Collaboration. Our experience is that new approaches are most likely to be scalable and sustainable when a full range of stakeholders are involved: farmers, cooperatives, NGOs, local governments, national agencies, and the coffee industry (buyers).
- Where is collaboration deficient right now? Where specifically might external actors contribute to sustainable solutions to these issues?
There are many important gaps, but I will highlight just two: (1) Coffee growers struggle with the costs to upgrade their farms and mills; and (2) the role of coffee roads and trails in degrading watersheds.
- Economic constraints.
There are obviously cash and labor costs involved in changing production practices and upgrading the infrastructure in coffee mills. The problem with promoting best practices through standards or laws is that the burden of costs are often borne solely by coffee growers. So, we need to explore and promote ways for the public sector and the private sector (buyers) to co-invest with coffee growers to upgrade practices and infrastructure.

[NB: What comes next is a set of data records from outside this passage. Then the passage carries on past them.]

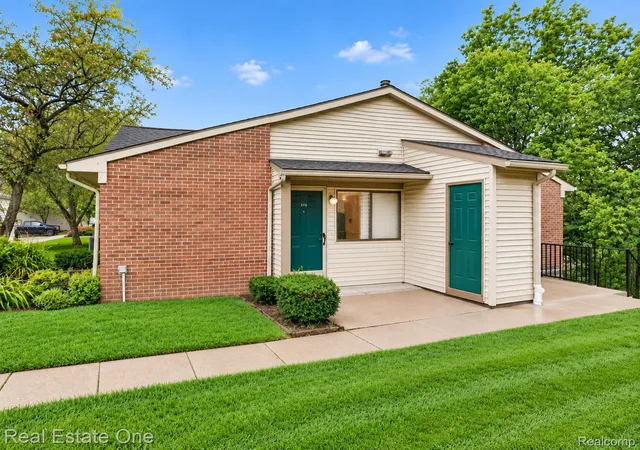 Photo 3 of Condo for sale at 376 Spring Brooke Dr, Brighton, MI 48116 | MLS# 20261073215 | Listing updated on 2026-09-16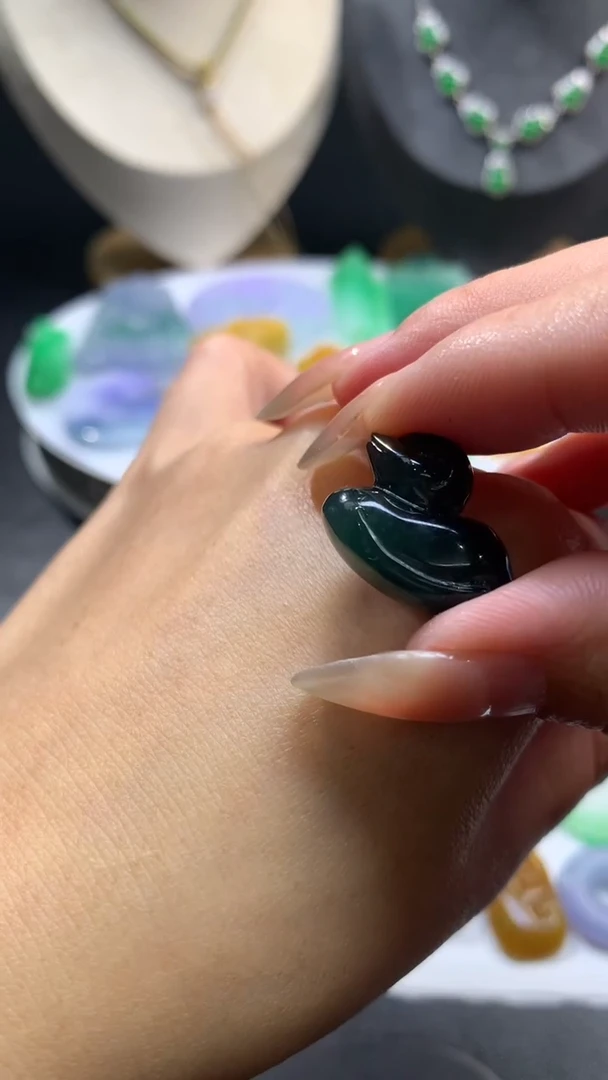 【闪购商品】定制翡翠未镶嵌翡翠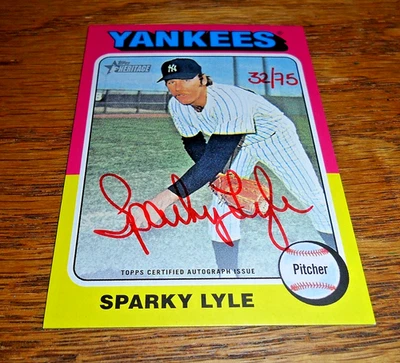 2024 Topps Heritage High Number Red Ink Auto 32/75 Sparky Lyle NEW YORK YANKEES⚾ Foto 1 de 2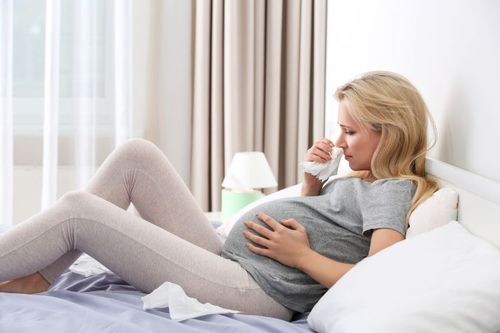 Przeziębienie w ciąży — jak radzić sobie z katarem, kaszlem i gorączką?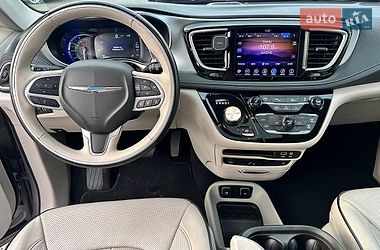 Мінівен Chrysler Pacifica 2017 в Києві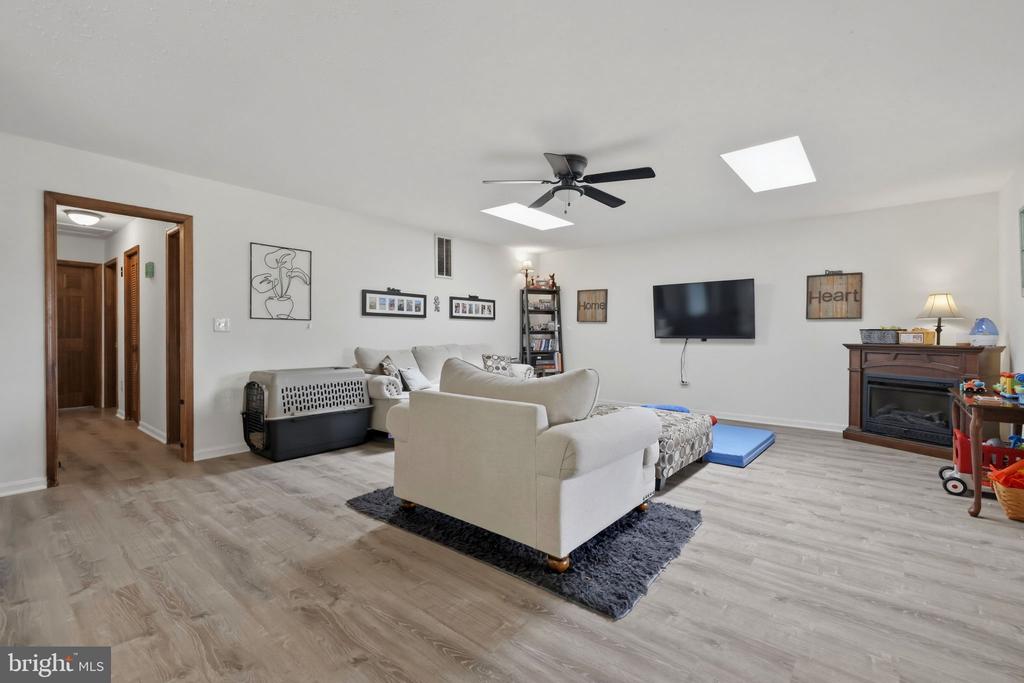 7313 COVINGTONS CORNER RD, BEALETON, Virginia 22712, 3 Bedrooms Bedrooms, ,2 BathroomsBathrooms,Residential,7313 COVINGTONS CORNER RD,VAFQ2022478 MLS # VAFQ2022478 7313 COVINGTONS CORNER RD, BEALETON, Virginia 22712, 3 Bedrooms Bedrooms, ,2 BathroomsBathrooms,Residential,7313 COVINGTONS CORNER RD,VAFQ2022478 MLS # VAFQ2022478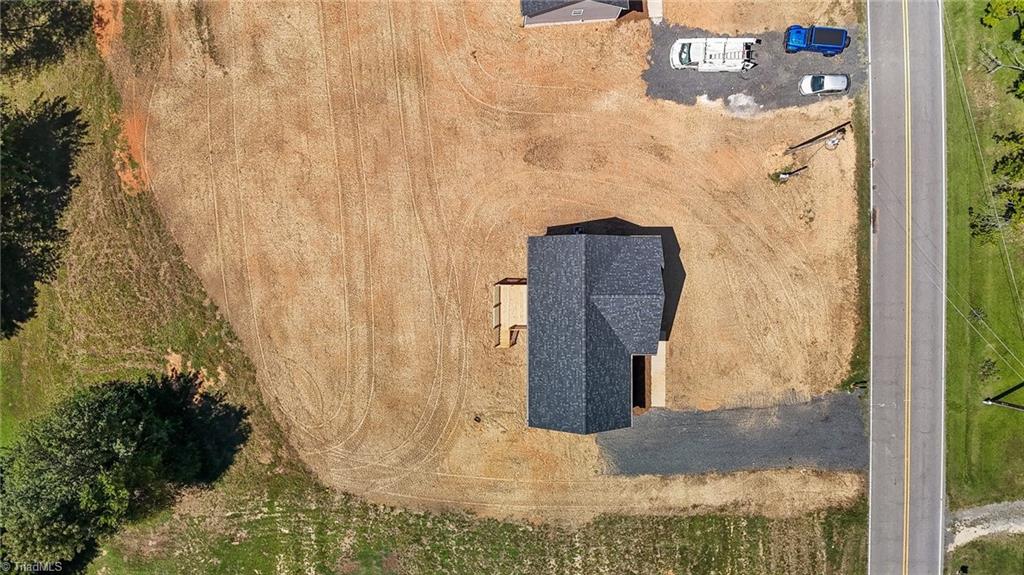 2472 Price Road Eden, NC 27288 - Photo 5 of 40 Gallery Image 5
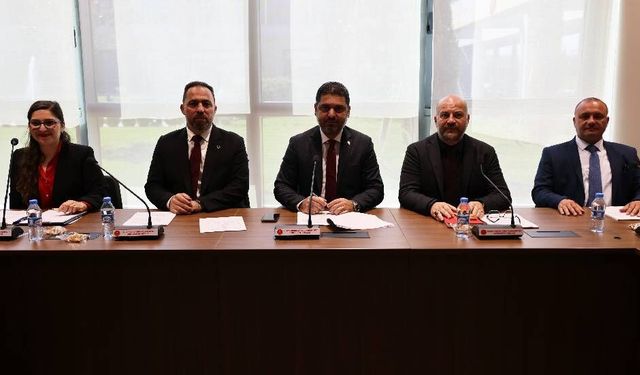 AB uyum yasa tasarılarını görüşmek üzere oluşturulan Ad-Hoc Komite toplandı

In almost all cases, the biggest threat to watersheds (and streams) is poorly built roads and trails. Secondary and tertiary roads and trails built for coffee farms are often poorly designed and constructed. They often get washed out in the wet season, and then repaired in the dry season, just before harvest. Road and trail failure cause a lot of erosion, landslides, and gullying. There is a role here for governments to support communities to design and build better roads – and to enforce the policies related to rural road construction. Road construction and maintenance could potentially be funded through coffee export taxes/fees levied by governments. For specialty coffee, coffee buyers need to also consider erosion and watershed degradation in the certification of farms.
- During the SCAA event, you presented an idea you called “Blue Harvest.” Can you explain “Blue Harvest” a little more?
The idea of a “blue” harvest plays off the idea of “green” technologies. In this case, “blue” refers to practices and technologies that lead to better water resource management. Since coffee is king in so many of the watersheds in Central America, and since there is already a big market for coffee that is environmentally sustainable, the “Blue Harvest” concept would begin to explicitly promote improved water resource management in the coffee process. On the production side, Blue Harvest goals include better water infiltration, reduced storm run-off, reduced soil erosion — goals met by improved agroforestry practices. On the processing side, Blue Harvest technologies would focus on improving downstream water quality by reducing the overall volume of water used in the wet-milling process and treating coffee wastewater. We have discussed internally the idea of promoting a “Blue Harvest” certification that would complement Rainforest, Bird Friendly, and other leading certifications, or strengthening existing standards and monitoring for “blue harvest” goals.